So you know how a livestream works, right? You click on the stream and you’re taken to a live video feed being shot in real time, able to chat with others and even interact with the host themselves. But, what goes on under the hood to actually accomplish that? Well, a lot. So let’s take a look.
A livestream is really just a connection from the streamer’s computer to an “ingest” server, such as Twitch, YouTube, or Mixer, that are capable of receiving that amount of data. From that server, you’re now sent the video in a standard media streaming (different definition) format, like a normal youtube video. The only difference is that the file it’s reading from to give to you is being created as it sends it.
The interesting stuff happens between streamer and ingest, and we have an entire network protocol for it: enter RTMP.
The Real-Time Messaging Protocol, or RTMP for short, was originally developed by Macromedia for streaming audio and video content over the internet. The original use case was between flash players and servers (Macromedia is now owned by Adobe), but now has a more broad, general-purpose use, though it’s primarily used for streaming.
RTMP divides an audio or video stream into “fragments” or “chunks” and then sends them over. These chunks are usually small enough that they can be processed quickly and without much delay. RTMP can also multiplex multiple “channels” over one connection, allowing for you to send audio, video, and have a semarate channel for control messages between client and server to negotiate things like chunk sizes.

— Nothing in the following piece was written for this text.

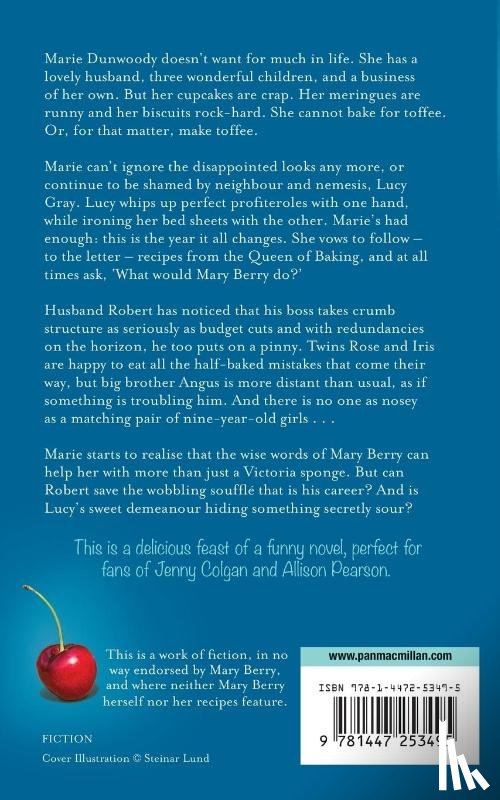 Sandy, Claire - What Would Mary Berry Do?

There’s nothing fancy, no real techno-wizardry going on, the secret sauce is just.. send it smaller. Despite being created for, as of this point, a dead product, it still lives on today. Now, there is an alternative, that is the FTL (Faster Than Light) streaming protocol, proprietary to Mixer (Microsoft), but without the specs for it being released (at least in a format that I can find), I’ll leave that one as just a footnote for now.
All I can say about FTL is that it’s aptly-named for its purpose: FTL is focused on interactivity. Whereas RTMP can take anywhere from 5 to 30 seconds for everything to be broken, transmitted, and reassembled, FTL works within just a few. The major downside (besides not being public) is that it’s extremely sensitive to connection instability, and you can get huge drops if there’s a little bit of jitter.
This is speculation, but I have a feeling that it’s doing a fair amount of on-the-fly compression (only sending parts that it needs to) and some predictions in the video stream to guess what’s going to come next, and if your connection sags a little it suddenly has to throw everything out and pick back up again, which causes delays.